窪塚洋介が語るSNSとの付き合い方「毒ばかり吐かずに、楽しんでいくことは大事かな」

19年ぶりにドラマ主演する窪塚洋介【写真:塩見徹】
19年ぶりにドラマ主演する窪塚洋介【写真:塩見徹】

「上も下もない、右も左もない、今、ここしかないんだ」みたいな瞬間に触れられた

 本作では、画面が通常のドラマや映画の横長サイズではなく、スマホの画面に合わせた縦長なったが、演者としてのアプローチはどうだったのか。

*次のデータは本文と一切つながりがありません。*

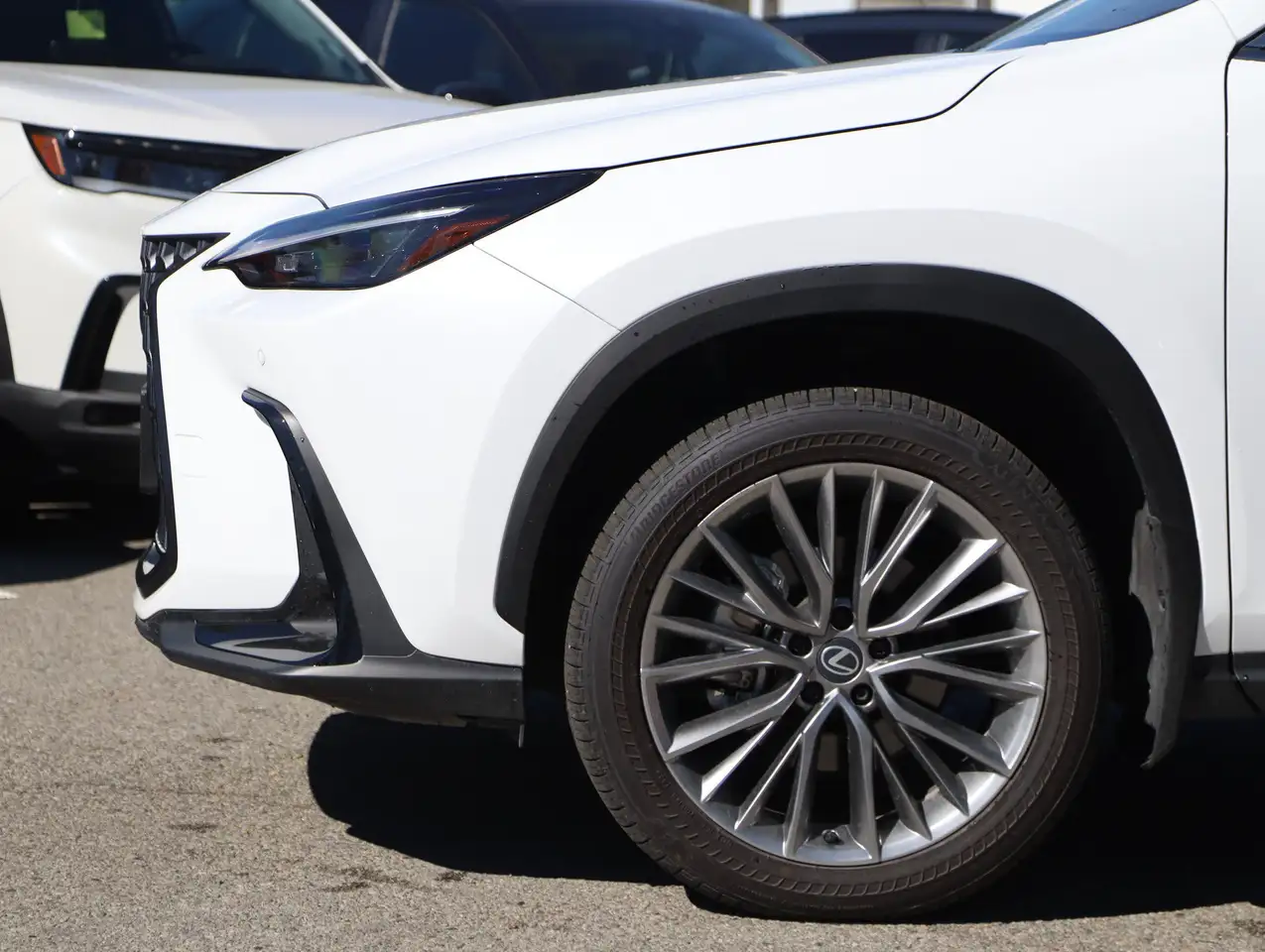 Lexus NX снимка Lexus NX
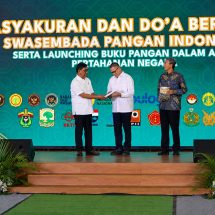 Dirut PTPN I Abdul Rivai Ras Luncurkan Buku Pangan dalam Aspek Pertahanan Negara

「(製作側から)『横移動をあんまりしないで』って言われたんだけど、それを意識しちゃうと、不自然そうに見えたので、共演の河合(優実)ちゃんには意識するのをやめよう、と。そういうことはスタッフに任せようと思いましたね」

 演じたのは、ヒロイン(河合)の引越し先のアパートに住む男カワサキ。自身を「わし」と呼称し、事件に巻き込まれるヒロインを見守るようなナゾめいた存在だ。「別枠にいるみたいな存在で、そういう人物は最近、演じたことがなかったので、楽しそうだな、と思いました。ただ、好き勝手にやっていいわけでもなかったのですが、制約があるからこそ楽しめるということもありました」。

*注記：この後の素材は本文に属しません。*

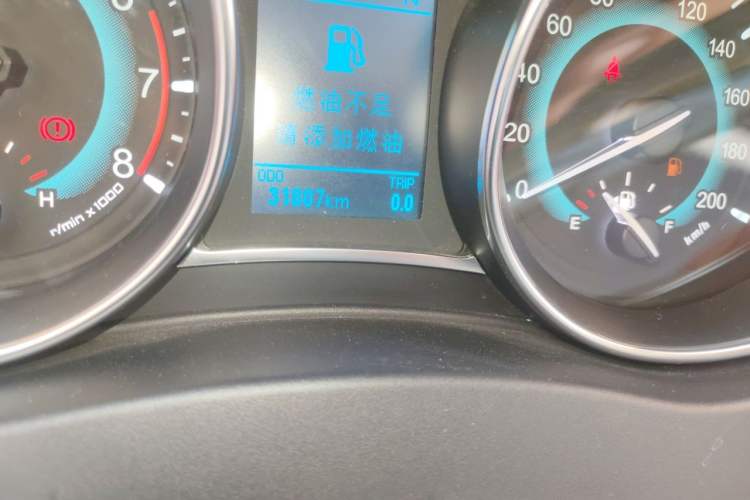 Used Haval H1 2015 1.5L AMT Urban Model Odometer Close Up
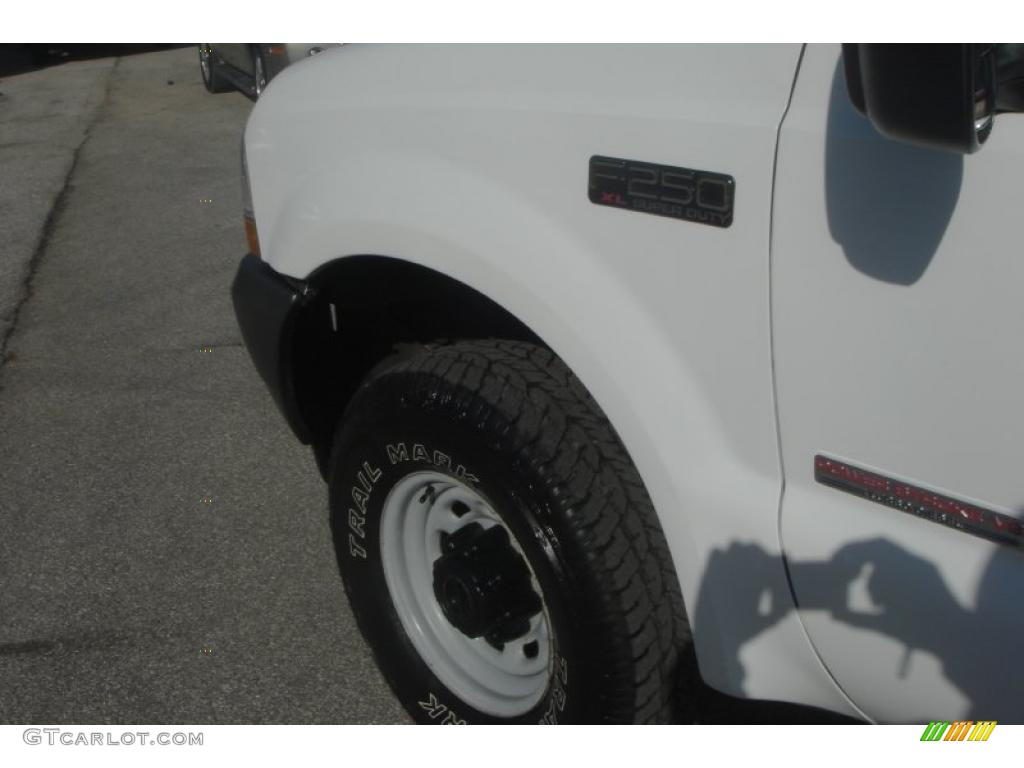 2004 F250 Super Duty XL Regular Cab 4x4 - Oxford White / Medium Flint photo #17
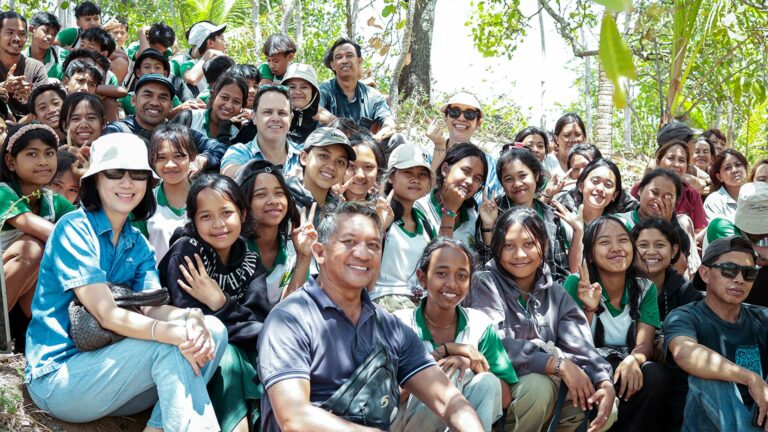 Desa Ban with childrens and East Bali Poverty Project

 題名の「上下関係」についてはこう語る。「究極、神様みたいなもの一番上で、じゃあ、一番下は何か。僕らは、強いとか弱いとか、優しいとか厳しいとか、そういう二元性の中で生きているでしょう。だからこそ、自分のことが分かったり、自分のいるポジションが分かる。そんな中で生きているうちに、『上も下もない、右も左もない、今、ここしかないんだ』みたいな瞬間に触れられたような気がする時がある。黒と白の陰陽のマークがあるけれど、いいことの中にも悪いことがあって、悪いことにもいいことがある、だから、上も下もないんだ、というのは20代になる前からの自分の中の大きなキーワードでした」。

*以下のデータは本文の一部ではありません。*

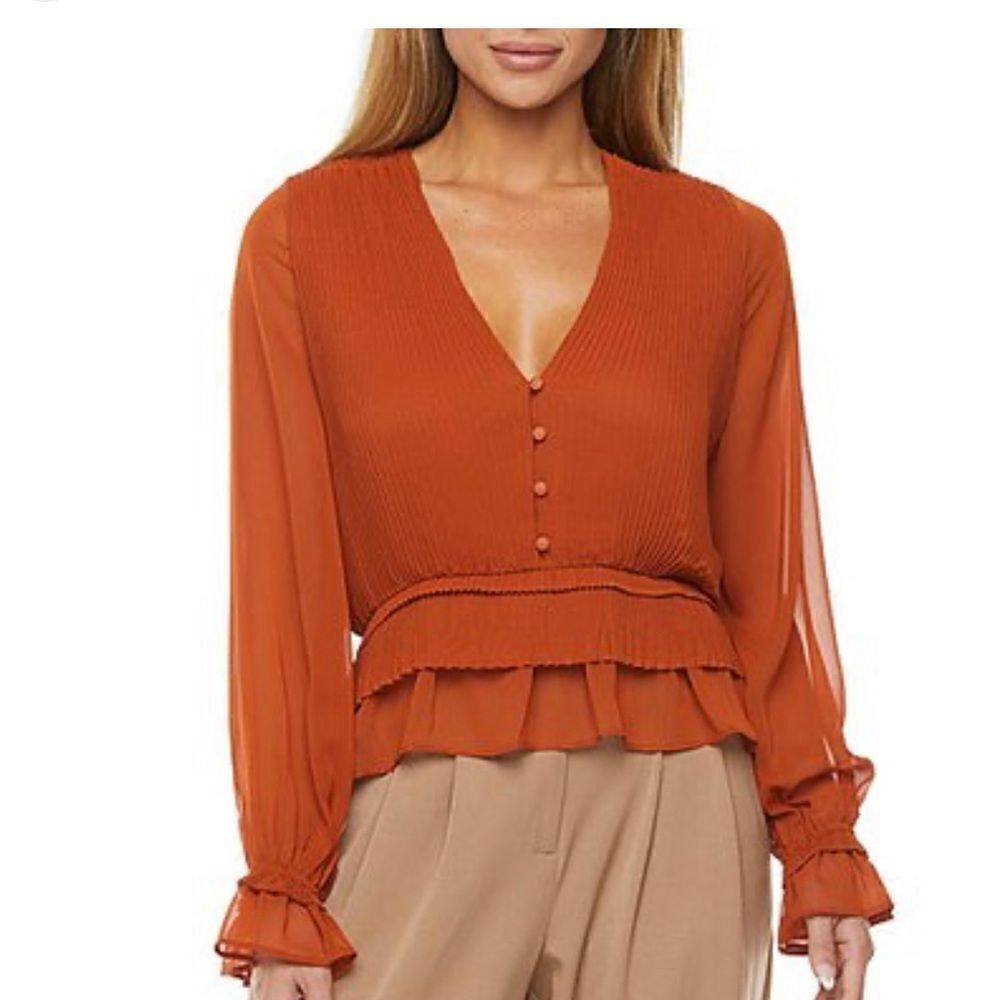 - Ryegrass orange pleated flared sleeve top. Size 12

 今後もブレずに俳優を続けていく考えだ。「今は、1億総ブロードキャスター、1億総芸能人の時代。だから、プロとして、役者としてできることが光ってこなきゃと思うし、面白く、研ぎ澄まされてなきゃダメ。そういうことを再確認していますね。自分はSNSがある前から、メッセージを発信してきたけど、今は自分自身がメディアになれる時代。そういう可能性に満ちているから、毒ばかり吐かずに、楽しんでいくことは大事かなと思いますね」。出演するメディアや活動場所が変わっても、窪塚はオレ流を貫く。

□窪塚洋介(くぼづか・ようすけ)1979年5月7日生まれ、神奈川県横須賀市出身。95年に日テレ系ドラマ「金田一少年の事件簿」で俳優デビュー。その後、「GTO」「池袋ウエストゲートパーク」などのヒットドラマに出演。2002年、映画「GO」で日本アカデミー賞最優秀主演男優賞を史上最年少で受賞。以降、映画を中心に舞台でも活躍を続ける。17年にはマーティン・スコセッシ監督作「Silence-沈黙-」でハリウッドデビュー。近作はNetflix「GIRI/HAJI」、高崎映画祭最優秀助演男優賞を受賞した「最初の晩餐」「みをつくし料理帖」「ファーストラヴ」「全員切腹」など。